## Saved entries:

# # #

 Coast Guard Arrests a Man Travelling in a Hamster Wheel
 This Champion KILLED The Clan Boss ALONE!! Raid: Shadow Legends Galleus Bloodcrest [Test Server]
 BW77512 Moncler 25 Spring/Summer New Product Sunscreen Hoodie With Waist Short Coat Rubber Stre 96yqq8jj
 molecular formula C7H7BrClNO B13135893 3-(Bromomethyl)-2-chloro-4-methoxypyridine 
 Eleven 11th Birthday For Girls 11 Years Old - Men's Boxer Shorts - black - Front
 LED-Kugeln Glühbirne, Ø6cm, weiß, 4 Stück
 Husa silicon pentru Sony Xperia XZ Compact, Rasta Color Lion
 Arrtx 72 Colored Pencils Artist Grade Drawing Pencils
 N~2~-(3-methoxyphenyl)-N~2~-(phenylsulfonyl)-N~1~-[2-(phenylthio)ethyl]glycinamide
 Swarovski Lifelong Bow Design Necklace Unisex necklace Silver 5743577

# # #

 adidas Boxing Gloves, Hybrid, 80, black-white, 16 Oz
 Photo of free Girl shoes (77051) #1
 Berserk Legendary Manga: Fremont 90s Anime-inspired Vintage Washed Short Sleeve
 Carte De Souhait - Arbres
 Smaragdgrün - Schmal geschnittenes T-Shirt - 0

# # #

## Task directions:
Copy out the lines above exactly, beginning at the one that contains "Berserk Legendary Manga: Fremont" and ending at the one that contains "Smaragdgrün - Schmal".

## Result of this task:
 Berserk Legendary Manga: Fremont 90s Anime-inspired Vintage Washed Short Sleeve
 Carte De Souhait - Arbres
 Smaragdgrün - Schmal geschnittenes T-Shirt - 0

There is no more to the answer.